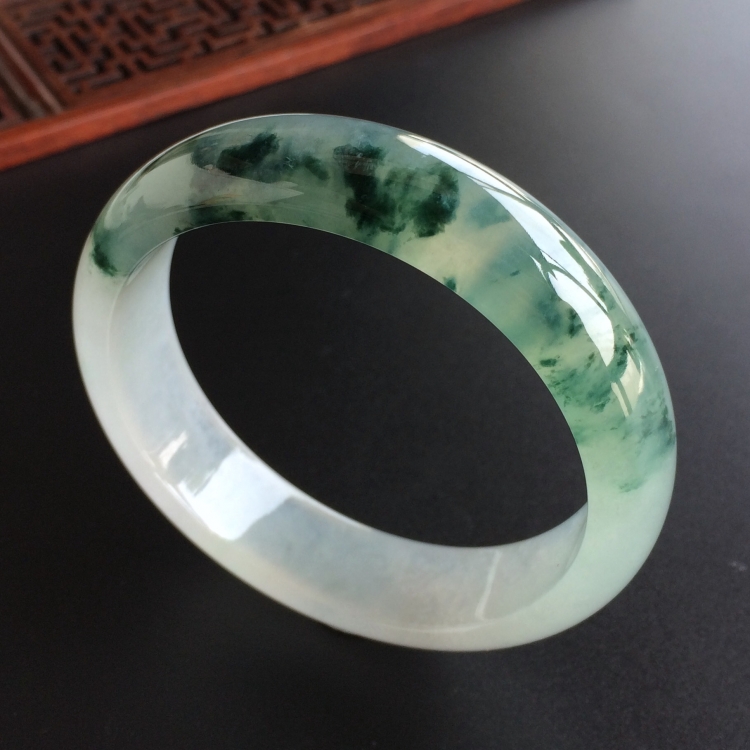 (超值推荐)冰种飘花手镯(56.5mm)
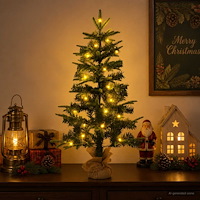 vidaXL Mini julgran 45 cm 25 LED-lampor Varmvit PVC och PE Grön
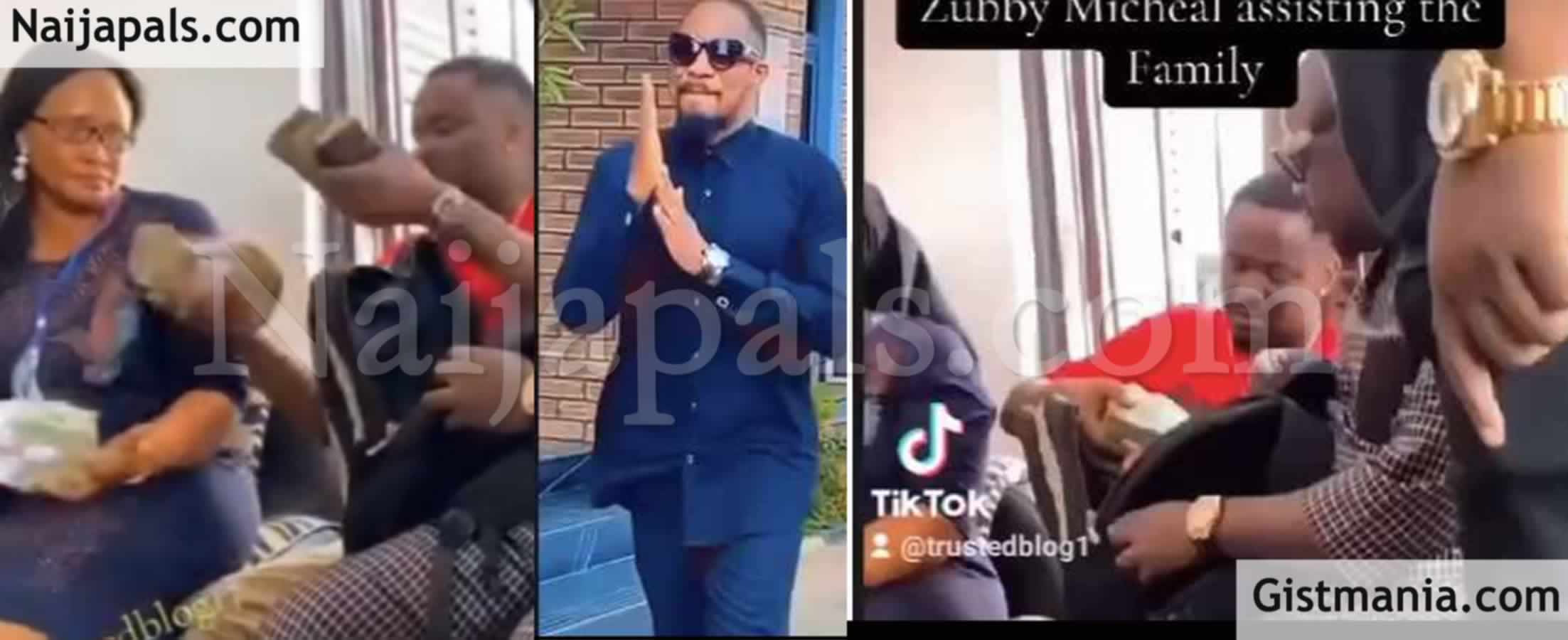 VIDEO: Actor Zubby Michael Gives Wads of Cash to Late Junior Pope’s ...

PROBLEM DETAILS: Word for word, please, restate the lines of the listing from the one holding "vidaXL Mini julgran" down to the last line, leaving out any pictures.

ANSWER TO THIS EXERCISE:
 vidaXL Mini julgran 45 cm 25 LED-lampor Varmvit PVC och PE Grön
 VIDEO: Actor Zubby Michael Gives Wads of Cash to Late Junior Pope’s ...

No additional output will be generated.